Can President Trump Pull Off the Moscow Reset?

President-elect Donald Trump held a cordial telephone conversation with Russian President Vladimir Putin shortly after Trump’s election. The two men agreed to meet soon after the January 20, 2017 inauguration. There is an expectation that a meeting could take place before the end of January. There is also an expectation that Presidents Trump and Putin will reach an early accord on counter-terror cooperation, and that the United States and Russia will begin the process of mending fences, following a dangerous collapse in US-Russian relations, bordering on a new Cold War.

When President Barack Obama met briefly with Russian President Putin on the sidelines of the mid-November APEC summit meeting in Lima, Peru, it was at President Putin’s initiative (he saw President Obama standing alone and walked up to him and started talking). The Russian and American official accounts of that four-minute exchange were so radically different that it is clear the two men did not reach a last moment meeting of the minds. According to the Kremlin version, Putin pressed President Obama to revive the Kerry-Lavrov efforts to reach an agreement on how to solve the Syrian war diplomatically, and also urged the US President to press Kiev to honor the terms of the Minsk II accords on the status of the Donbas region of eastern Ukraine. The American printout had President Obama scolding Putin for standing in the way of a final Minsk II deal.

For much of the Obama term in office, hatred of Russian President Putin has become the most popular cocktail party topic, subject of Congressional hearings, and Washington Post, New York Times and Wall Street Journal opinion columns. Last Sunday, the Washington Post accused Russian hackers and disinformation peddlers of hijacking the US Presidential elections—in favor of Donald Trump.  A website, has gotten widespread coverage in the mainstream media, accusing a long list of anti-establishment publications and websites of peddling Putin propaganda and outright “fake news.”

This heavy anti-Russia mood is a significant factor in the Congress, where Senator John McCain chairs the Senate Armed Services Committee and where his close ally, Senator Lindsey Graham, chairs a powerful subcommittee on foreign operations of the Senate Appropriations Committee. The two have been harsh critics of Russia and of President-elect Trump’s pledge to resume cooperation with Moscow. They have been powerful boosters of the NATO expansion eastward to the Russian borders, and of the deployment of missile defense systems to Southeast Europe along the Black Sea.

While President-elect Trump’s National Security Adviser, Lt. Gen. Michael Flynn has recently been to Moscow and has met personally with President Putin, the former chief of the Defense Intelligence Agency (DIA) has also co-authored a book dealing with this issue. In their book, (The Field of Fight: How We Can Win the Global War Against Radical Islam and Its Allies) the two authors identified Russia as a leading enabler for outright terror states Iran, Syria and North Korea.

This week, President-elect Trump named K.T. McFarland as his Deputy National Security Adviser.

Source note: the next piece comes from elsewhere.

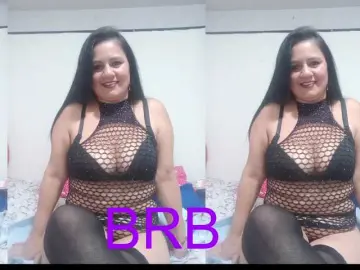 Bongacams Private Sex Chat of sexyjhoan81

McFarland served in the Nixon, Ford and Reagan Administrations and she was an aide to Henry Kissinger and a speechwriter for President Reagan’s Defense Secretary Casper Weinberger. She, too, is considered to be an arch conservative, who will be hesitant to support a full embrace of Moscow as a partner in the Global War on Terror or other critical international efforts.

President-elect Trump will have some significant allies if he attempts to follow through with Putin. Representative Dana Rohrabacher, a senior California Republican, has been a powerful advocate of a Washington-Moscow partnership on a wide range of global issues, including a revival of arms control agreements and a pullback of NATO from the Baltics and Central Europe.

On November 21, Edward Lozansky, the president of American University in Moscow, and Jim Jatras, a leading Republican attorney and former Senate Republican research director, wrote in Chronicles magazine that “The Big Three: America, Russia, and China Must Join Hands for Security, Prosperity and Peace.” They wrote: “When Trump takes office, for the first time since Ronald Reagan we will have a president with the stature and vision to put the interests of the American people first. Trump’s firm hand on the tiller of the American ship of state, combined with his business sense will enable him to deal confidently but fairly with the formidable, no-nonsense leaders of the world’s next two major powers: Russia’s Vladimir Putin and China’s Xi Jinping. This is a unique historic opportunity that must not be wasted… A Trump-Putin-Xi `Big Three Summit’ should be a priority for the new U.S. President’s first 100 days.”

Despite that lofty, optimistic rhetoric, there is much that is yet to be determined about Trump’s campaign pledge to work with Putin. Key national security posts have not yet been filled, including Defense Secretary, Secretary of State and Secretary of the Treasury. Under Presidents George W. Bush and Barack Obama, the Treasury Department’s enforcement division has been an active foreign policy player, through the implementation of harsh sanctions against Russia, Iran, North Korea and other targets. 

President-elect Trump has had two meetings with Mitt Romney, who remains a top contender for Secretary of State. Romney campaigned as the GOP nominee for President in 2012 on a foreign policy platform that deemed Russia to be the greatest threat to global stability and to U.S. interests around the world.  Other hardliners, including Generals David Petraeus and James Mattis are also on the short list for Secretary of Defense or State.

Trump will face two opposed forces: on the one hand, the Republican Party factions or Cabinet appointees, and on the other, the views he expressed during his campaign in relation with forging strong ties with Putin. One of Trump’s closest advisers, Roger Stone, had made clear that the president-elect is intent on keeping neocon influences away from his national security agenda. As President, Trump has the opportunity to establish a personal rapport with Putin, and to order his national team to follow his lead. But these are hypothetical factors that will not be clear until his inauguration and his first actions as President demonstrate his ability to remain independent.

And there is also the question of what Russian President Putin really wants. The recent Russian offensive in Aleppo did not make Trump’s “Russia reset” any easier, and Putin could miscalculate the opportunity by assuming that Trump will be easy to manipulate.

Is the US President-elect up to these multiple challenges?  Only time will tell.